韋央當下的狀態讓克萊爾一行完全不敢接近。
劫雲都已經散去,天已經放晴,韋央卻還在渡劫,也是有點兒耐人尋味。
電光全身遊走,腳上的土地都焦黑,就是活體雷電球,一個不小心就可能惹雷電劈身。
“我們要不要幫一下?”
隨著時間的推移,克萊爾有些糾結,這劫渡的也有些太不正常了。
韋央體表的雷電始終不曾散去,完全就沒有損耗的樣子。
雷電補損耗,人也看起來沒什麽事兒,都感覺韋央是雷電元素覺醒者了。
“怎麽幫?”小黑瞄一眼克萊爾,接著道:“凍起來冷藏啊?”
“倒是也不失為一種辦法!”克萊爾還真的在思考小黑的提議了。
什麽不失為一種辦法,反諷好不好?
真的參與進去,韋央怕是要出事兒。
“我們還是等著吧,相信他,畢竟這已經不是他第一次渡劫,經驗豐富。”小黑是再不敢和克萊爾瞎說了,整不好克萊爾就要參與,那個時候他可擋不住。
“這樣真的好麽?”克萊爾還是覺得不幫一下過意不去,劫雲在的時候不幫也就算了,劫雲都已經消散還不幫那也太不夠意思了,心理很是糾結。
“留意好周圍情況,我覺得現在不讓他受到打擾就是最好的幫助。
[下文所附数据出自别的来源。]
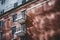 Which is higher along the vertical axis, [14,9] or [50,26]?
[14,9]

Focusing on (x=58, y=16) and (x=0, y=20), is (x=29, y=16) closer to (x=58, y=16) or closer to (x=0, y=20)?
(x=58, y=16)

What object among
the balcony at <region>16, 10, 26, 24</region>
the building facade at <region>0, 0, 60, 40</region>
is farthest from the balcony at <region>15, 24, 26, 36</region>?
the balcony at <region>16, 10, 26, 24</region>

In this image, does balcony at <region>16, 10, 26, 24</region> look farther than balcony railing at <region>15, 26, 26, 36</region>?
Yes

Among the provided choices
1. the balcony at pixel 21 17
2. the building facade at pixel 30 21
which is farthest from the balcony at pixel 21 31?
the balcony at pixel 21 17

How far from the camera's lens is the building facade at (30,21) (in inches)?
922

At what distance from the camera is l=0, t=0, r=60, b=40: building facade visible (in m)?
23.4

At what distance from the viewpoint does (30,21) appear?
2650 centimetres

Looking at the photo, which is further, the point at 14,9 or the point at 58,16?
the point at 14,9

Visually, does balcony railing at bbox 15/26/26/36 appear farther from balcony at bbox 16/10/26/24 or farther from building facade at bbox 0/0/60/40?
balcony at bbox 16/10/26/24

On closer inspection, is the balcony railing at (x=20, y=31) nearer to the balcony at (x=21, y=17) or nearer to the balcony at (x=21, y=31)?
the balcony at (x=21, y=31)

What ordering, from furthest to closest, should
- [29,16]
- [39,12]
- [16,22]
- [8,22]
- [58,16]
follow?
[8,22]
[16,22]
[29,16]
[39,12]
[58,16]

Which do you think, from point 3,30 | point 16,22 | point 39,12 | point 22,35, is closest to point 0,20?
point 3,30

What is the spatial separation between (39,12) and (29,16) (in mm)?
2283

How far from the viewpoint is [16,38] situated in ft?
92.6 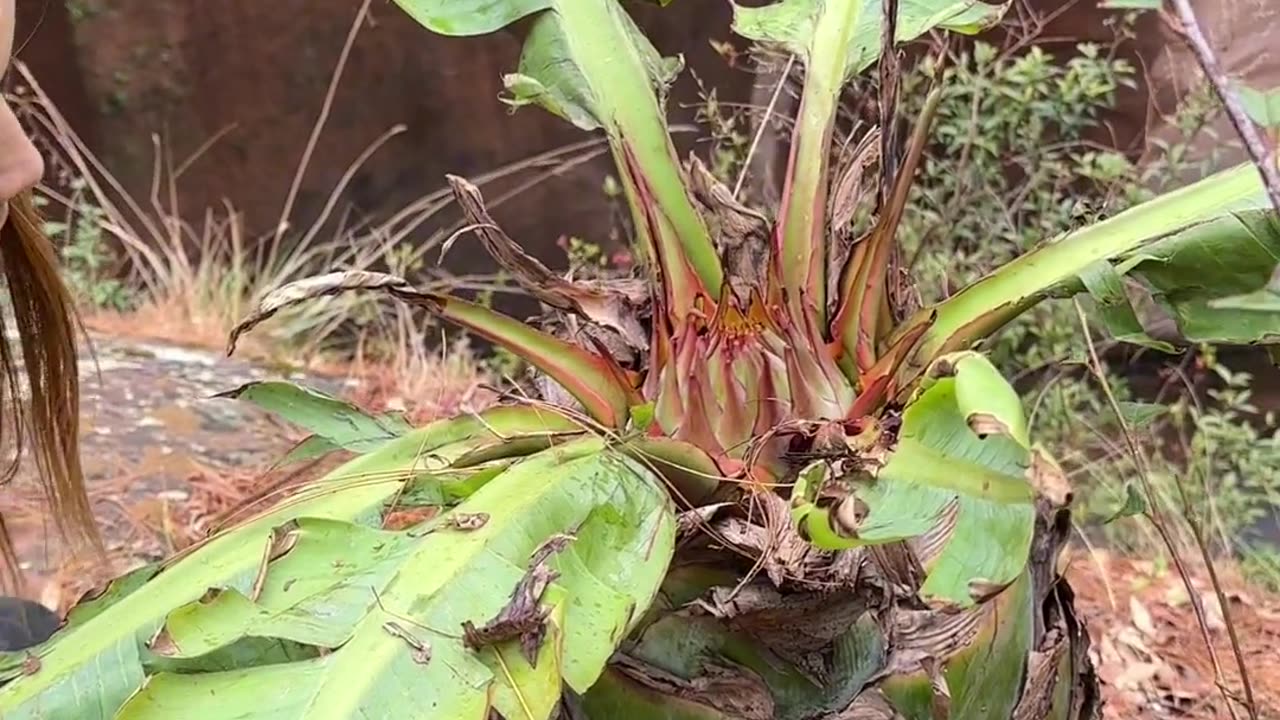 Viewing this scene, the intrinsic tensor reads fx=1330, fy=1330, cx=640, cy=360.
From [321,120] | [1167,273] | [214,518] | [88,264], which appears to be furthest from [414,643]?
[88,264]

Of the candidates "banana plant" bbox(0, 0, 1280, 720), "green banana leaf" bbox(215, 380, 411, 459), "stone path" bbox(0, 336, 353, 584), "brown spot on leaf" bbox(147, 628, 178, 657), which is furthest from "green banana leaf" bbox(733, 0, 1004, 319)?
"stone path" bbox(0, 336, 353, 584)

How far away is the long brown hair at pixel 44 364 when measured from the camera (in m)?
0.94

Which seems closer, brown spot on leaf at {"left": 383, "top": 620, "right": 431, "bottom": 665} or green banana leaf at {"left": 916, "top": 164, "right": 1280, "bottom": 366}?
brown spot on leaf at {"left": 383, "top": 620, "right": 431, "bottom": 665}

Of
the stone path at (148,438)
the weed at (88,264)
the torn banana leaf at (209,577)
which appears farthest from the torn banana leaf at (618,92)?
the weed at (88,264)

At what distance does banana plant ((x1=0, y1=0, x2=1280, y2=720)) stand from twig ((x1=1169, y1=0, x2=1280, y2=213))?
0.14 meters

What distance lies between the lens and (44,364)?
3.30 ft

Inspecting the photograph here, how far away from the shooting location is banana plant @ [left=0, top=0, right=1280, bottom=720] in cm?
61

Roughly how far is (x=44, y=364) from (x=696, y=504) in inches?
21.3

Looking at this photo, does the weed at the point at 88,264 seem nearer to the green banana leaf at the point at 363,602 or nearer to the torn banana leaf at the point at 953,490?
the green banana leaf at the point at 363,602

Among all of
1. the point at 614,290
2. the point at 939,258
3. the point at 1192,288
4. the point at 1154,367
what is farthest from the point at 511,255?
the point at 1154,367

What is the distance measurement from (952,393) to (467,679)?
0.26 metres

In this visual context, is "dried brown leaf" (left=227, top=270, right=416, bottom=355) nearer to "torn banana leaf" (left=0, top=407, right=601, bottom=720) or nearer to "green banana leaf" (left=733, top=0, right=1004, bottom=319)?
"torn banana leaf" (left=0, top=407, right=601, bottom=720)

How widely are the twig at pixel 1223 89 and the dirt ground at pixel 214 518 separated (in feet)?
2.50

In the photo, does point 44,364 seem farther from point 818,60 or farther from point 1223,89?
point 1223,89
”小黑緊挨著克萊爾,以防克萊爾衝動之下出手。
“好吧,那就等等再看!”
暫時算是打消克萊爾要幫忙的念頭,小黑懸著的心暫時可以放一放。
提心吊膽的不止是小黑,還有韋央。
他們的對話聽得一清二楚,差些沒嚇得直接過去,可不要添亂啊,插手都可能出大事兒,別說是冰凍了,那直接是要他的命啊。
現在的情況,就不是身體上的雷電,肉體還是能扛得住那點兒雷電之力。
重點是與身體上的雷電交相呼應,在神魂小人體表覆蓋的紫電。
紫電就是對神魂小人的問刑器具,始終折磨著神魂小人。
隨著時間一點一點過去,神魂小人身上的黑甲已經很難將紫電阻擋在外,有少許紫電已經突破黑甲作用在神魂小人身上。
韋央隻感覺無數的針在扎他的腦袋,頭直欲炸裂。
到這個地方,已經完全與外界隔絕,全部心思全在神魂小人身上,抵抗著紫電的侵蝕。
哢嚓!
識海之中突然傳出一聲裂響。
是黑甲,黑甲終於不敵紫電裂開了。
韋央能感覺到,用不了多久,黑甲將會分崩離析,到時候將直面面對紫電的侵蝕。
神魂小人就是韋央,韋央就是神魂小人。
神魂小人不能有事兒,一旦有事兒,韋央將會陷入黑暗,成為屍體。
哢嚓!
黑甲徹底崩壞了。
這一瞬間,韋央心中隻記掛著一件事,活下去。
神魂小人抖若篩糠,在紫電的侵蝕下大用解體的趨勢。
嗡!
招手間,圍繞旋轉的十三把劍全部貼在身上。
可,沒有一點作用。
紫電完全忽視十三把劍,好像是不存在一樣。
不被搭理,十三把劍又如何幫他分擔傷害。
要結束了麽?
韋央心有余而力不足,他想活下去,但無論是神魂小人還是身體所給出的答案都是要堅持不下去了。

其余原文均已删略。